Web page caption snippets:
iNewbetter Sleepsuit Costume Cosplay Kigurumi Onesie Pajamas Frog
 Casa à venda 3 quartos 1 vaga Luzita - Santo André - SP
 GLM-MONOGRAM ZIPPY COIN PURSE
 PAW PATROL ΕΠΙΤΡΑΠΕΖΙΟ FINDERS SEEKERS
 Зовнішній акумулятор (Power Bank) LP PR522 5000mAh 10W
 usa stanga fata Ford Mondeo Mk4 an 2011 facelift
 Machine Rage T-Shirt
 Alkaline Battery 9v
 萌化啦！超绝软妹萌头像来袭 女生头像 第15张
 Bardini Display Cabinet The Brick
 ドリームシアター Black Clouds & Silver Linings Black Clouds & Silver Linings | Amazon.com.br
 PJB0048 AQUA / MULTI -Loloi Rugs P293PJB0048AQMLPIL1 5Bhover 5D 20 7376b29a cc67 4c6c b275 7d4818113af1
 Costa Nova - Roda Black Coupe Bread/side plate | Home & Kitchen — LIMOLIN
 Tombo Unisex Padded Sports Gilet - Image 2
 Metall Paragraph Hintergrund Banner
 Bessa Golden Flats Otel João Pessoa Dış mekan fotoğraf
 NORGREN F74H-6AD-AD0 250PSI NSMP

• [Task instructions]:
Return, line for line and unchanged, the data from its first line through the line containing "Зовнішній акумулятор (Power".

• [Answer to the exercise]:
iNewbetter Sleepsuit Costume Cosplay Kigurumi Onesie Pajamas Frog
 Casa à venda 3 quartos 1 vaga Luzita - Santo André - SP
 GLM-MONOGRAM ZIPPY COIN PURSE
 PAW PATROL ΕΠΙΤΡΑΠΕΖΙΟ FINDERS SEEKERS
 Зовнішній акумулятор (Power Bank) LP PR522 5000mAh 10W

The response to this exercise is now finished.